Apache OpenNLP is a machine learning based toolkit for the processing of natural language text. It supports the most common NLP tasks, such as tokenization, sentence segmentation, part-of-speech tagging, named entity extraction, chunking, parsing, and coreference resolution. These tasks are usually required to build more advanced text processing services.
Apache PhotArk is a photo gallery application including a content repository for the images, a display piece, an access control layer, and upload capabilities. The idea is to have a rigid design for the content repository with a very flexible display piece. The images in the content repository will be protected with granular access control.
Apache Qpid is a messaging broker that implements the latest AMQP specification, providing transaction management, queuing, distribution, security, management, clustering, federation, heterogeneous multi-platform support, and much more. It is extremely fast and aims to be 100% AMQP Compliant.

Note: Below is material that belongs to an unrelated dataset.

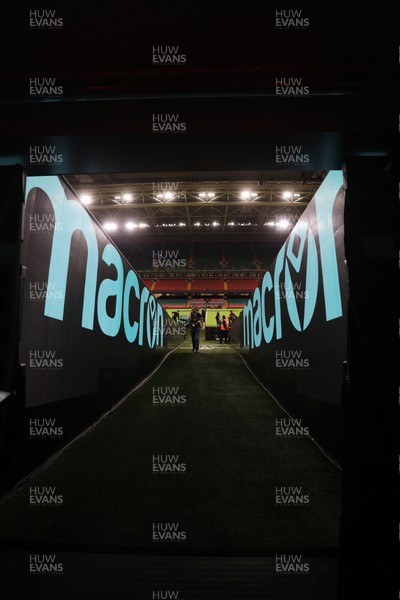 210226 - Wales v Scotland - Guinness Six Nations Championship - General View of the Principality Stadium before the game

BSF4ooRexx is a Java language binding for the scripting language ooRexx. It allows ooRexx programmers to directly use the Java Runtime Environment (JRE) libraries. It allows, for example, implementation of Java methods in ooRexx and callbacks from Java to ooRexx. It camouflages Java so that it resembles ooRexx by being dynamically typed and caseless. BSF4ooRexx comes with built-in support for programming OpenOffice.org/LibreOffice.org and allows ooRexx to be used as a macro language.